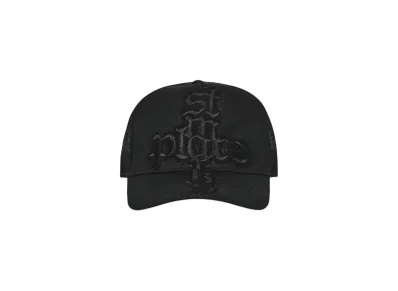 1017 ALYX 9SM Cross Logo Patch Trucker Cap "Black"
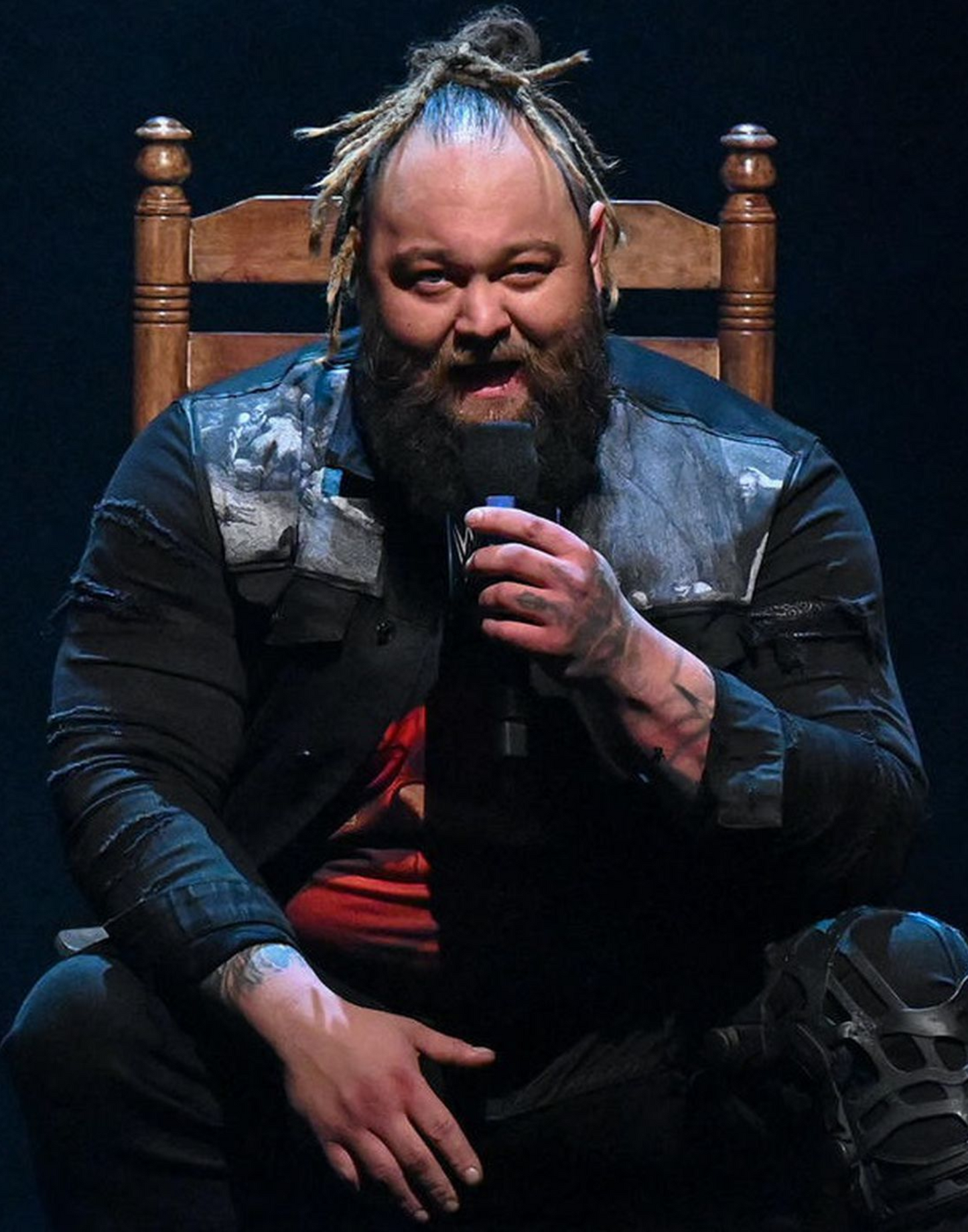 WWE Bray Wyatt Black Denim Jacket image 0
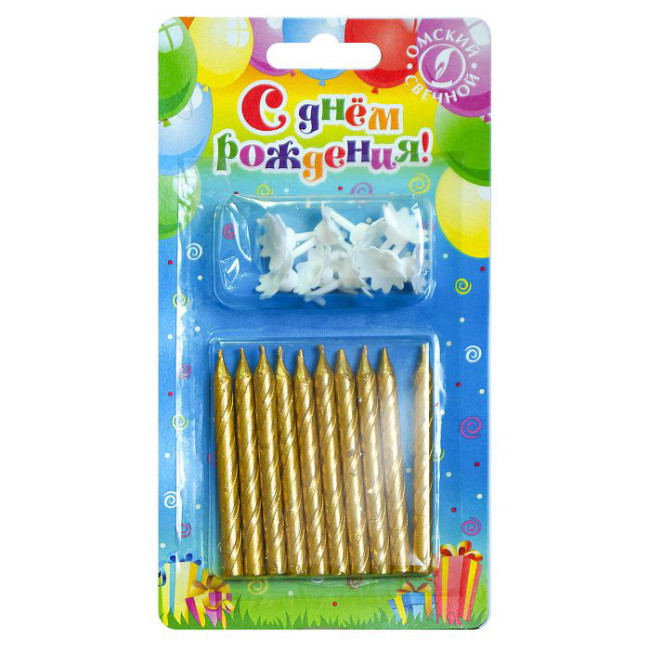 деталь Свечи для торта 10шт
== == ==
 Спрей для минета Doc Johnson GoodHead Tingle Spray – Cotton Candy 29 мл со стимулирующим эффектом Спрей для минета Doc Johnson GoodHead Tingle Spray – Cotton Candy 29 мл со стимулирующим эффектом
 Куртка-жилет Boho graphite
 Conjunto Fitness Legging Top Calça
== == ==
Task instructions: Please transcribe only the lines in the records above running from the line that has "Куртка-жилет Boho graphite" through the line that has "Conjunto Fitness Legging Top Calça", both included, exactly as they appear.

Written answer:
 Куртка-жилет Boho graphite
 Conjunto Fitness Legging Top Calça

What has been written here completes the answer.